Chapitre quatrième : Touristes et vagabonds

Très beau chapitre, qui décrit et nomme le bloc des riches : les touristes (nous, habitants aisés des pays développés et non développés).

J'ai noté à part plusieurs citations issues de ce chapitre assez riche, sur la pauvreté, nécessaire à la société de consommation et sur l'illusion que constitue la suppression des visas.

Les touristes sont passionnés d'indétermination : il faut pouvoir acheter et jeter, pour racheter ensuite, pourquoi pas. Pouvoir aussi être demain à Shanghaï et après-demain à Varsovie. Le tout est de bouger, de s'étourdir en s'épanouissant avec le sentiment que le monde est à nous.

Mais pour que le monde soit à nous, pour que nous puissions retrouver un Novotel au Tibet ou à Oulan-Bator, un McDo sur le port du Pyrée [j'ai mangé un McDo sur le port du Pyrée en famille un jour d'égarement, le remords en sera éternel], il faut que les peuplades locales aient été préalablement "neutralisées".

En face des "touristes", la classe suroccupée à acheter sa liberté, il y a donc les vagabonds. Les ploucs qui sont de quelque part, qui gênent la marche et la vue de la classe mondiale. Ils auront donc vite fait d'être déplacés (en 20 ans, de 1975 à 1995, les "réfugiés" pris en charge par le Haut Commissariat aux Réfugiés sont passés de 2 à 27 millions).

Il y a donc un fossé qui se creuse sur la planète entre une classe mondiale et ses pauvres. Ce fossé n'est pas un fait de la nature, c'est ce qu'il importe de comprendre : il est
créé, rendu nécessaire et organisé par le développement de cette classe mondiale.


Chapitre V : loi globale et ordres locaux


Bauman se fait vigoureux. Pour lui, l'objectif de la classe mondiale est de se débarasser des gêneurs. Il en veut pour preuve la prison "modèle" de Pelican Bay. Là, en Californie (dans un état qui dépense plus pour ses prisons que pour ses universités), les prisonniers ne voient personne, sont isolés dans des cellules vides, vivants dans des cercueils.

Bauman rejette doublement cette situation : il y voit une rupture grave avec l'idée ancienne que la prison devrait réhabiliter, d'autant plus grave que la prison, de toute façon est une institution inutile - citation d'un sociologue du droit, Thomas Mathiesen, à l'appui ("au cours de l'histoire, les prisons n'ont en fait jamais permis de réhabiliter qui que ce soit. Elles n'ont jamais permis à quiconque de revenir dans le droit chemin. elles ont au contraire prisonisé leurs détenus").

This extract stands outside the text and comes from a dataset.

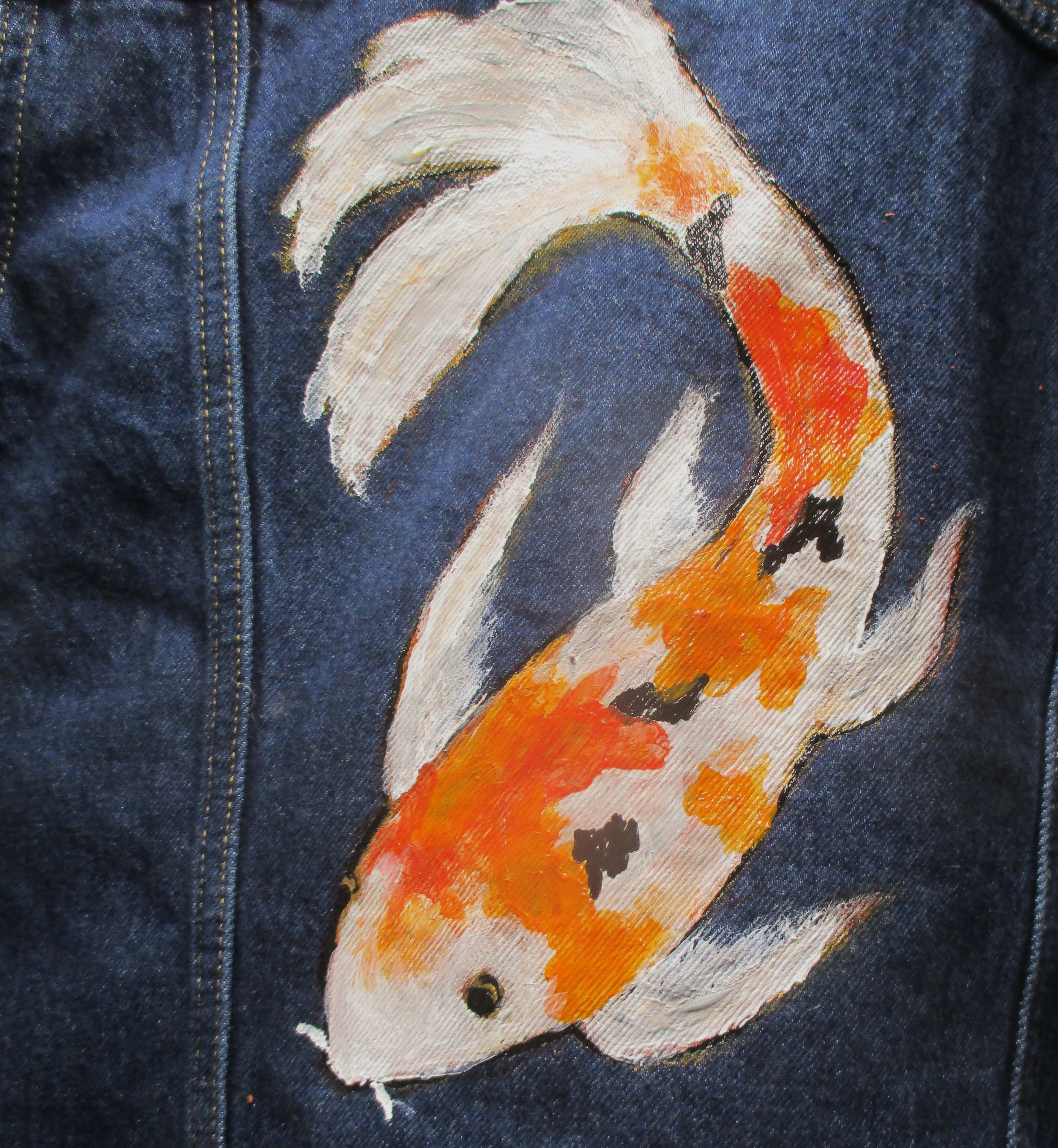 White Koi Fish Jean Jacket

Il exagère ? Certains faits sont troublants : "dans le district d'Anacostia, où se concentre la plus grande partie de la population pauvre de Washington, la moitié des habitants mâles agés de 16 à 35 ans est soit en attente de procès, soit en prison, soit en liberté surveillée".

De fait, l'homme moderne - et aisé - est confronté dans sa vie à une injonction permanente de bouger, de ne s'attacher à rien, de produire partout, tout le temps, sans question. Ainsi, il devient isolé et se replie sur un territoire qu'il entend contrôler totalement.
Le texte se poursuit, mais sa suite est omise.